▶ [ACTION ITEM]
Copy exactly the lines of the material below that run from the one containing "Scientists Reveal How" through the one containing "ArtFour Seasons Buddha". Copy no other lines.

▶ [TASK INPUTS]
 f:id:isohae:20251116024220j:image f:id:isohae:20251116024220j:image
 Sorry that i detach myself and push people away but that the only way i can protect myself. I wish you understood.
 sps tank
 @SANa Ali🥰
--
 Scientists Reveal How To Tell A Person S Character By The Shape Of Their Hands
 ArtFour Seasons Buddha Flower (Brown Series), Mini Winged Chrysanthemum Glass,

▶ [SOLUTION]
 Scientists Reveal How To Tell A Person S Character By The Shape Of Their Hands
 ArtFour Seasons Buddha Flower (Brown Series), Mini Winged Chrysanthemum Glass,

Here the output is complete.